Sunday, 15 May 2011

First Communion Sunday Part 1

 Today, Sunday May the 15th, is the last major event in my ministry here in Wiki... and even though there's a bit of sadness in my heart as I'm getting closer to saying my final goodbyes to these kids and this community, it will probably be the easiest event to coordinate since these kids are so perfectly behaved. They came to the Church -both grade 3 classes- on Friday for First Confession with Fr Doug, and I couldn't believe how perfect they were...they all sat quietly in the Church as one by one, each kid  went up to the altar to reveal to Father Doug one small thing that they were sorry for.They behaved brilliantly. Of course, there were teachers there  to ensure everyone was on their best behaviour, but overall, I think the students  were all happy and excited to be there and to be on their best behaviour.Some were actually quite adorable as they rushed or skipped to the alter with a big smile on their face!! Both Mr Howard -one of the teachers, and also a good friend of mine in Wiki- and I were laughing at the fact that some of the students went up to see Fr Doug, and as he spoke to them (asking them if they had done a bad thing recently) they vigorously shook their head. One girl in particular, I had to refrain from saying  in a loud voice"Oh Come on, it can't be THAT hard for you to find ONE thing you did wrong!!" (she's a bit of a rascal (for lack of better word) in class sometimes!!). Doug later confirmed that a few of them insisted they had nothing to confess, and so he just sent them back to their seats!! Part of their charm I suppose!!

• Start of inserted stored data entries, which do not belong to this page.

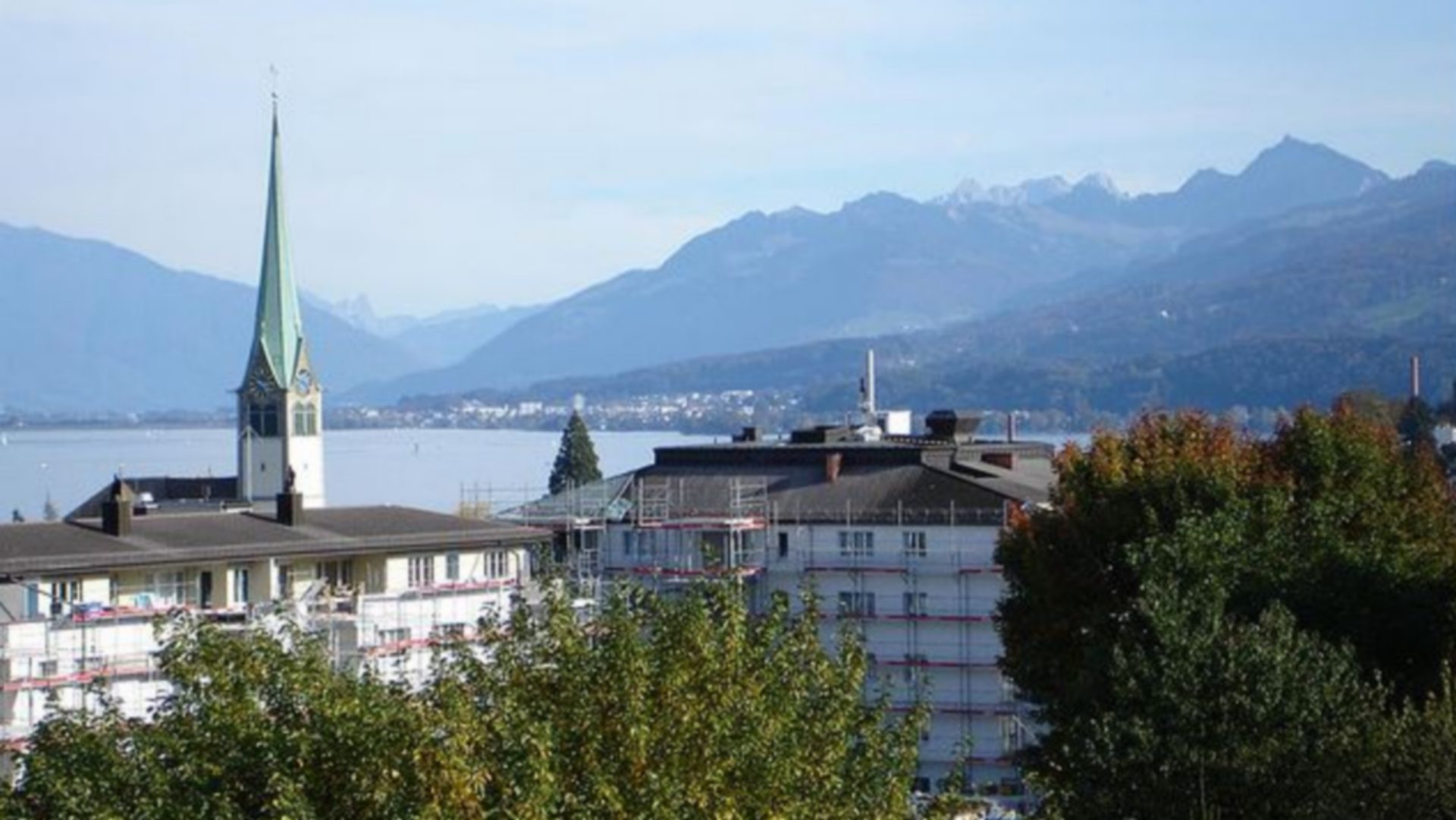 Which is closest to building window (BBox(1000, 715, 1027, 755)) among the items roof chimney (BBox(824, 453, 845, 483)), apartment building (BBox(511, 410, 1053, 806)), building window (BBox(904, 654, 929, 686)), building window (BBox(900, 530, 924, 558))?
apartment building (BBox(511, 410, 1053, 806))

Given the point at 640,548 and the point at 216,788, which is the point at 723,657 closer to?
the point at 216,788

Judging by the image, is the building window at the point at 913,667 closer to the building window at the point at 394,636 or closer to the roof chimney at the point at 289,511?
the building window at the point at 394,636

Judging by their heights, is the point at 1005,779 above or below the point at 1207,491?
below

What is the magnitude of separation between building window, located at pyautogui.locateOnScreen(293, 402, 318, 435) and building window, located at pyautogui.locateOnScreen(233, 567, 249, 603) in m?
67.2

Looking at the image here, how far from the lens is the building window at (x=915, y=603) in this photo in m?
65.2

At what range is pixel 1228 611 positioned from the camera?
40438mm

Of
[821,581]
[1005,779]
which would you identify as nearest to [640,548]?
[821,581]

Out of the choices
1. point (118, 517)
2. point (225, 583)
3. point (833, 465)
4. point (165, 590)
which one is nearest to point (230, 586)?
point (225, 583)

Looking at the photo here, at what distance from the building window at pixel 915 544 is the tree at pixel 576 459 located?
134 ft

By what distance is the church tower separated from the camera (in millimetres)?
114438

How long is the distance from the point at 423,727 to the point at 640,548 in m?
47.3

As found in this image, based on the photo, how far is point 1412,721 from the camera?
1222 inches

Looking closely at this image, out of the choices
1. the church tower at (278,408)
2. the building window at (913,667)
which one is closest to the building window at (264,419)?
the church tower at (278,408)

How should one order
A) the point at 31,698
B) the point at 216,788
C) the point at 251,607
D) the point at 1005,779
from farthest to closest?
the point at 1005,779, the point at 251,607, the point at 31,698, the point at 216,788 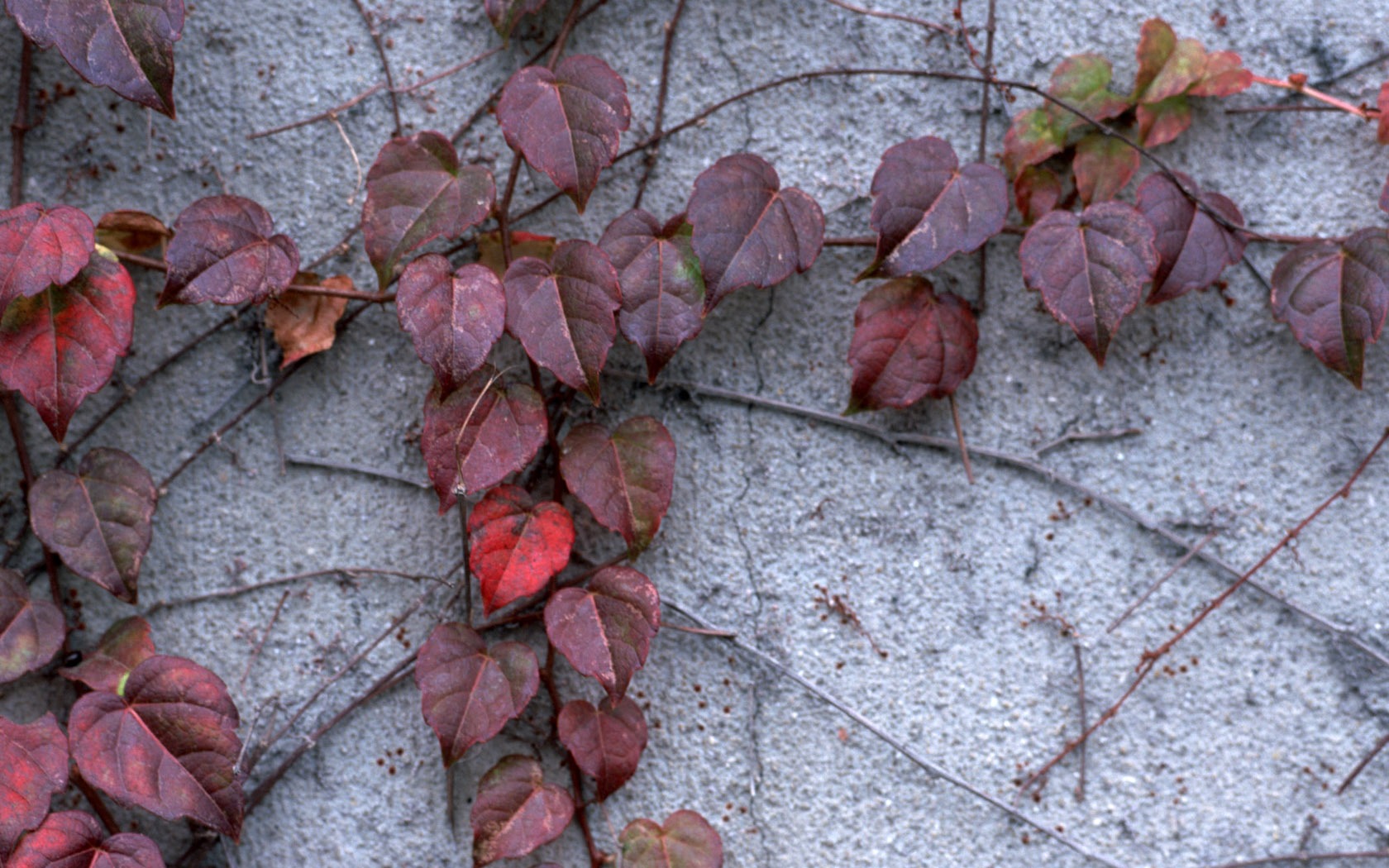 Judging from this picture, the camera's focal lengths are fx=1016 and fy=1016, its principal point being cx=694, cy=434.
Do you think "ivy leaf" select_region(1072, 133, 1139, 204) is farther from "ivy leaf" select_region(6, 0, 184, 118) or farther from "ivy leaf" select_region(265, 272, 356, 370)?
"ivy leaf" select_region(6, 0, 184, 118)

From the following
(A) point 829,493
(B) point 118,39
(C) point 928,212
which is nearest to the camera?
(B) point 118,39

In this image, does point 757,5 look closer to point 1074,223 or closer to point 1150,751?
point 1074,223

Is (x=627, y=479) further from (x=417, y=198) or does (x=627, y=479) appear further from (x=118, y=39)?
(x=118, y=39)

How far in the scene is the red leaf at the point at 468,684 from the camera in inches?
48.9

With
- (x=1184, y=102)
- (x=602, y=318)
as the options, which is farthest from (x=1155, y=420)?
(x=602, y=318)

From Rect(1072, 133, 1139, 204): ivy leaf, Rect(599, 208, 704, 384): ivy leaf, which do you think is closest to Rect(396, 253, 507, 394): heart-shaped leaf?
Rect(599, 208, 704, 384): ivy leaf

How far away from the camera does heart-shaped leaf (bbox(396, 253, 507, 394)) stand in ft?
3.88

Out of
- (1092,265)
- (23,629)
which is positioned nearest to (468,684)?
(23,629)

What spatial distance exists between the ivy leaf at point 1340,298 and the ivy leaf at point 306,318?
1.22m

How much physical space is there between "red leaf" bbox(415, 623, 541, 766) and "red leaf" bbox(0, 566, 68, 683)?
46cm

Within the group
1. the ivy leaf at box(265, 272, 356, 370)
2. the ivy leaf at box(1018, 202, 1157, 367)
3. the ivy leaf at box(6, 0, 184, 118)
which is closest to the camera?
the ivy leaf at box(6, 0, 184, 118)

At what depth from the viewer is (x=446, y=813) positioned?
1.36m

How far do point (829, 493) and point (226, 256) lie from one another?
817mm

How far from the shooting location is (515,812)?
4.21 feet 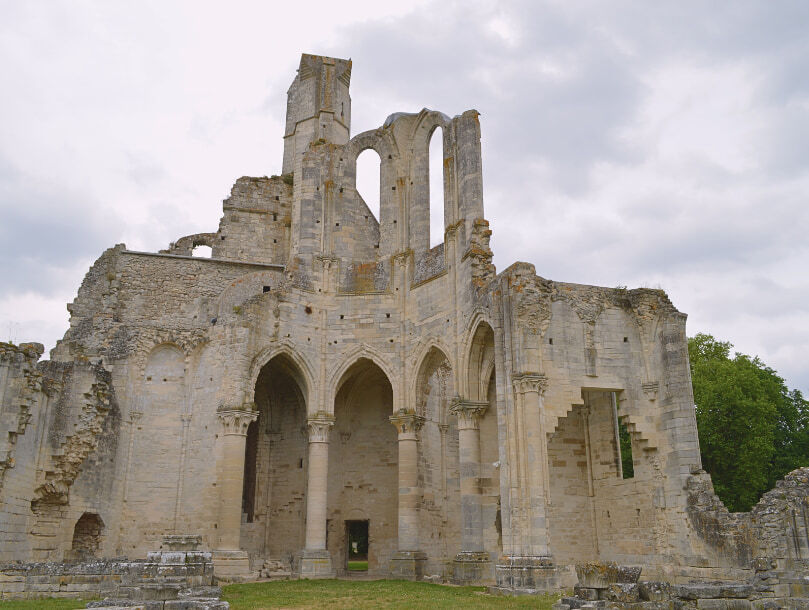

 And it is that charm that of theirs that warms me even more on this brilliant Sunday morning, and is going to make it so hard for me to say goodbye to them. I was concerned that the weather wouldn't cooperate with the celebration..but it looks like we may have an absolutely perfect Spring day in Wiki!!It matches the mood of the kids around this celebration perfectly! One of my students -Maya- has been excitedly telling me weeks how much she was looking forward to this, that she got her ears pierced and was going to get a new dress for this etc... and although she's been one of the most vocal ones about the event, I have a feeling she speaks for most of students!!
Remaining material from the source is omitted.